WORK INSTRUCTION
If a line below falls between the line with "Pinfinger – Five" and the line with "Used 2023 RAM 1500 Big Horn image 44", or is one of those two, output it exactly; output nothing else and no pictures.

PROVIDED MATERIAL
= = = = = = =

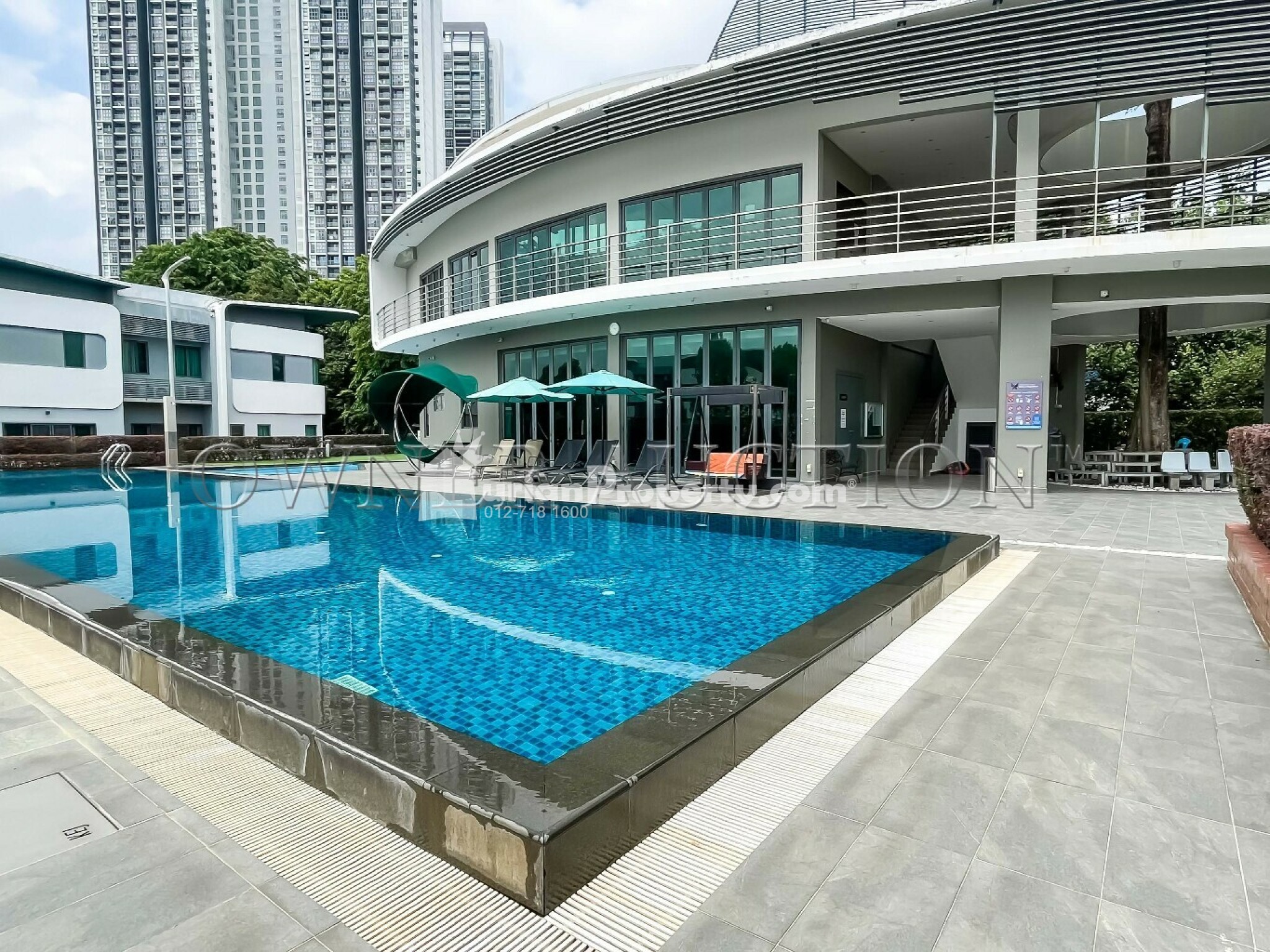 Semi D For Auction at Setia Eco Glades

= = = = = = =

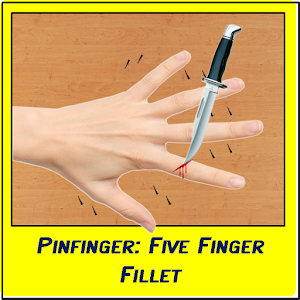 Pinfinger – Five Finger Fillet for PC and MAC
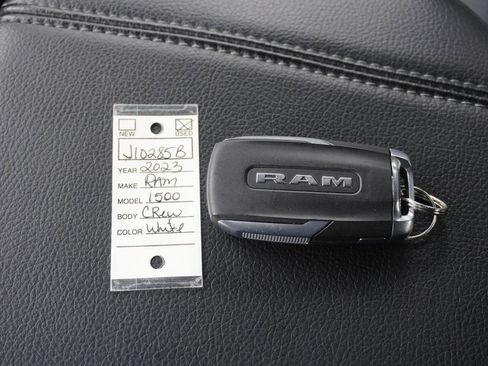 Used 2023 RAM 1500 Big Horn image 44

= = = = = = =

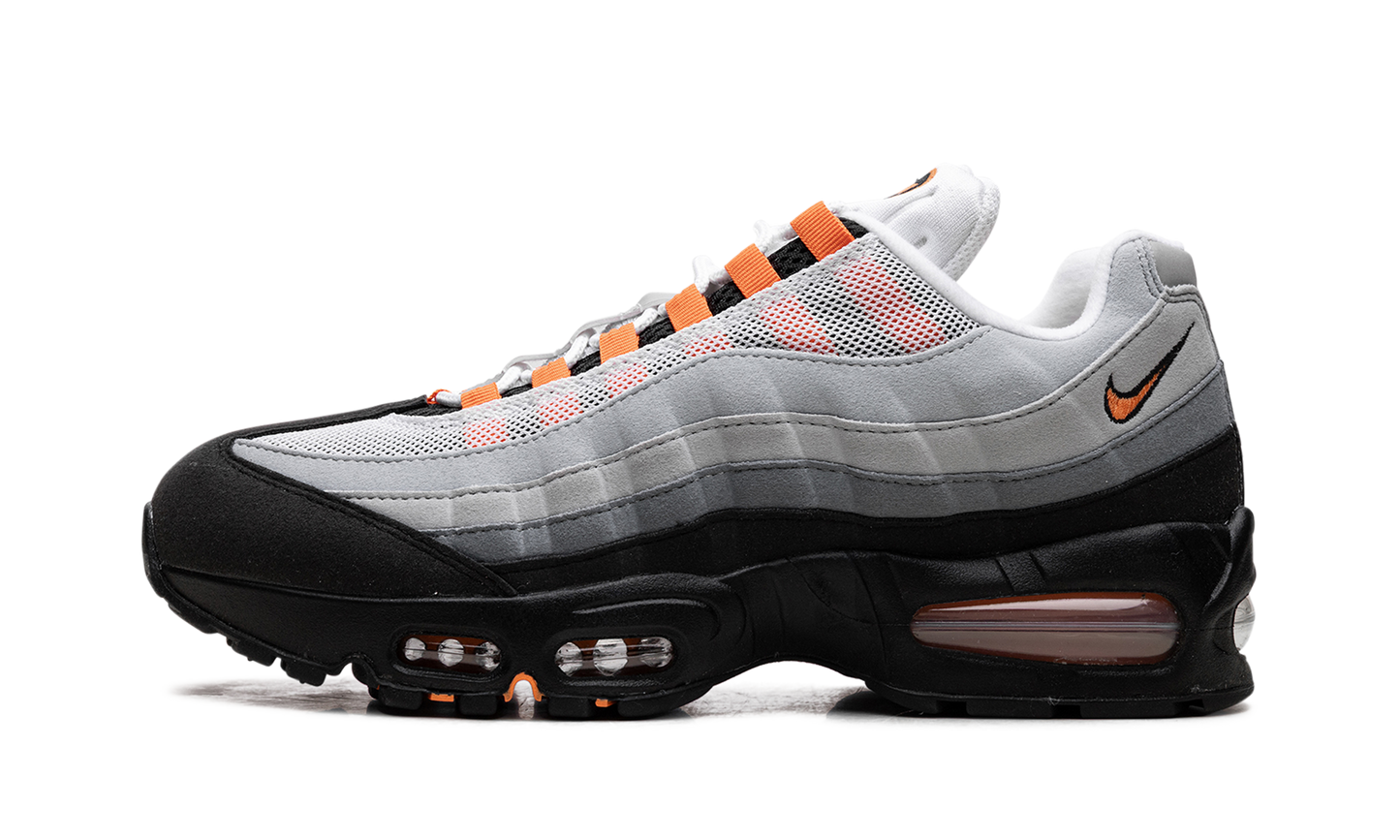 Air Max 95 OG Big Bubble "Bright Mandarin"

= = = = = = =

SOLUTION
 Pinfinger – Five Finger Fillet for PC and MAC
 Used 2023 RAM 1500 Big Horn image 44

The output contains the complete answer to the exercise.